Kariyer kaygısı ile sınav sınav koşuşturan gençler ve sadece özgürlük savaşı veren gençler… Rengârenk oyuncaklardan hangisini seçsem diye düşünen çocuklar ve oyuncakları boş kovanlar ve taşlar olan mahzun, mahrum, mecbur ama melek yavrular.
Bir gece, rüyamda o şehre gittim…
Masmavi bir denizi vardı
Binalar tek katlı şirin mi şirin…
Köprü altlarından ırmaklar akardı
Çocuklar mutlu, kadınların huzurlu,
Gençlerin gözlerinde ışıltı
Dört yan yemyeşil, günlük güneşlik,
Yemişler sarmış ağaçları
Dedim; burası neresi?
Dünyada böyle yerler de var mı?
Dediler burası Gazze’dir,
Size esaretin, bize cennetin adı…
O sabah uyandım ve yine ağladım. Şımarmış benlikleri, azgın nefisleri düşündüm sonra. Basit meseleleri arşa çıkarıp dert diye ilahi huzura varıp ağladığım anlara yandım. Bu gün ne pişirsem ne büyük bir dert, ondan fecisi bu gün ne giysem, hangi komşu bilir daha çok çeşit bu günlerde bir ona gitsem.

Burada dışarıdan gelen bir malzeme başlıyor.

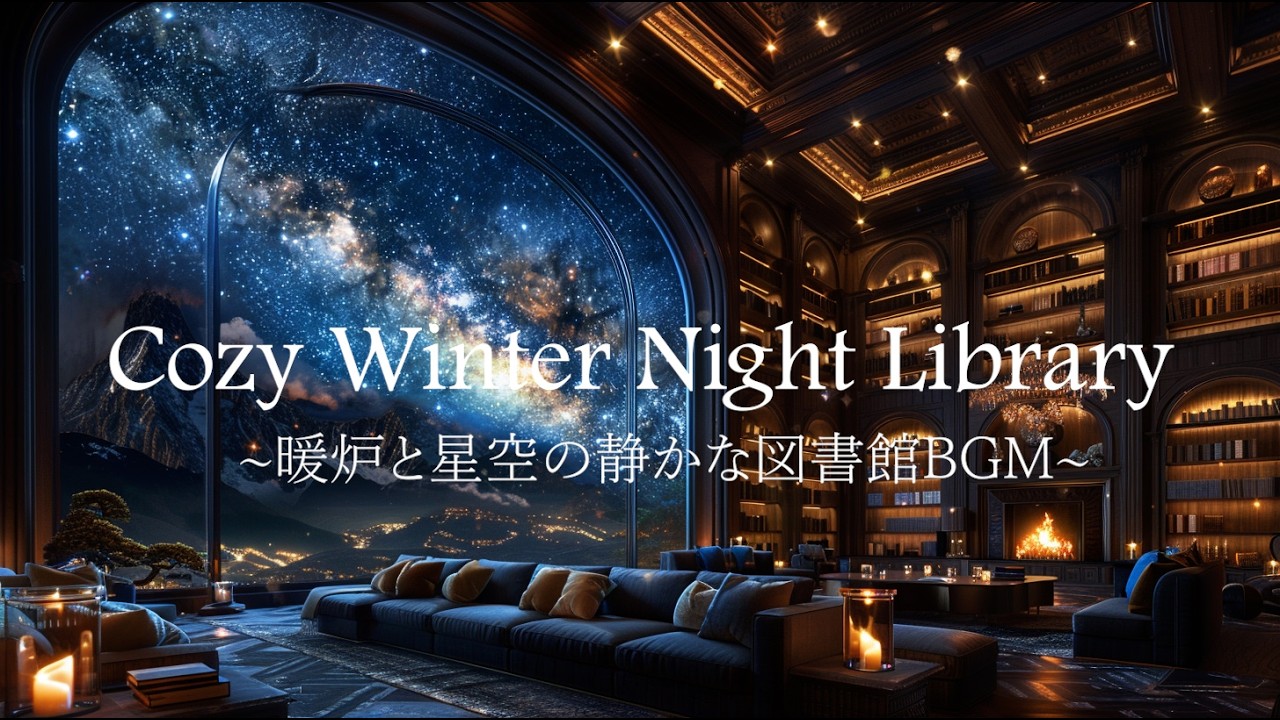 Cozy Winter Night Library ～暖炉と星空の静かな図書館BGM～
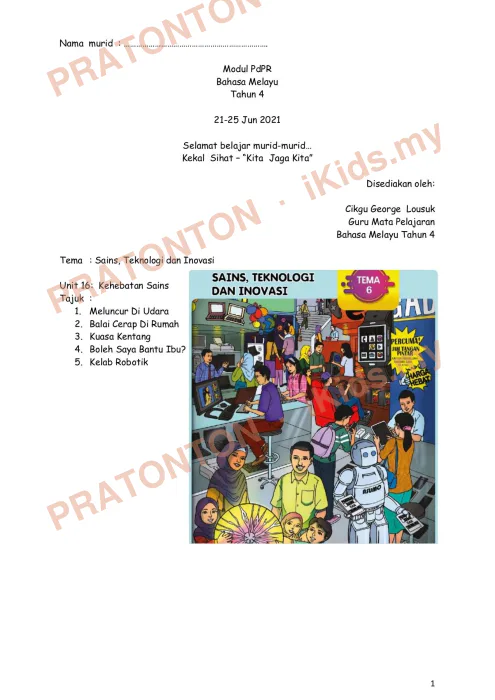 Pratonton muka 1 lembaran Modul Bahasa Melayu — Bahasa Melayu Tahun 4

Bir yerde akan kanlar bir yerde tepinmeyi eğlenmek zanneden zavallılar. Asıl zavallı savaşın insanları mı barışın insanları mı? Nasıl hesap verilecek ve savaşın insanları ile aynı cennet nasıl hak edilecek?
Dünyanın herhangi bir köşesinde, öz benliklerine yapılan baskı, işkence ve tecavüz altındaki, sabırla varlık mücadelesi veren onurlu kardeşlerime, tek yapabildiğim kelimeler adamaktı, dualarım ile birlikte.
ESİR KENTLERİN MASUM MAHKÛMLARINDAN MESAJ VAR: SABRET
Ben esir kentimin, yorgun annesiyim. Dallarım kurumuş, yapraklarım sararmış, mevsimlerden sonbaharmış. Gönlümün kuşları, güneşimi çalmış, başka diyarlara göçmüş. Ayaklar altındaki yapraklar, sanki benmişim onlar. Yağmur yağar ıslanırmışım, rüzgâr eser savrulurmuşum…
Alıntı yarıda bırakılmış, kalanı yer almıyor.